Independent boutique hotels can offer a slower style of travel than big brash brand hotels, but the contrast between cookie-cutter hotels and holiday rental accommodation couldn’t be greater. The chance to really slow down and kick back at a holiday rental is the obvious advantage.
There are no breakfast buffet times to wake for, no need to lay your towel down on a sun bed at dawn, and no need to worry about when the kitchen closes. In a holiday rental you can do your own thing anytime, anywhere and take your time about it.
By travelling more slowly, travellers are also travelling more sustainably – from taking the time to discover local markets and small neighbourhood businesses to shop instead of the first tourist traps spotted on the street, to choosing to buy and cook local produce instead of expensive imported products.
Not only is this kind of slow travel more sustainable, travellers are able to learn how to live like locals.
Local Travel and Living like Locals
One of the things that we love about renting properties when we travel is the opportunity they afford to travel more authentically by meeting, learning about and living like locals.
Whether it’s the regular exchange of greetings with neighbours in the corridor or small talk each day with the owner of the corner grocery shop that develops into meaningful conversation, there’s a sense of community to be tasted from such small interactions and special insights into places and their people that can rarely be experienced when staying at a hotel.

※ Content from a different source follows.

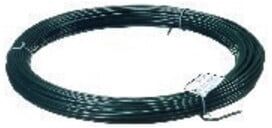 Spanndraht grün 3,8 mm a 110 m ; E-NORMpro (4317784013871)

Such encounters enable travellers to befriend local people or at the very least get great local recommendations and enable travellers to learn to live like locals. That’s a wonderful thing at a time when so many travel experiences are manufactured and mass produced, and globalisation has meant that hotels, attractions, restaurants, and even food and drink, are starting to look, feel and taste the same all around the world.
At each destination we visit we try to learn to live like locals. Our aim is always to identify the most ‘local’ places we can, from the bars and restaurants locals frequent to the markets where locals do their shopping.
Giving Back – Charitable Deeds and Altruism
Travel, especially holidays, can often be very self-indulgent, focused on unwinding and relaxing, sleeping and reading, eating and drinking, and, increasingly, pampering at a retreat or spa. And there’s nothing wrong with that. We just prefer a more altruistic style of travel and giving back to the places we go to.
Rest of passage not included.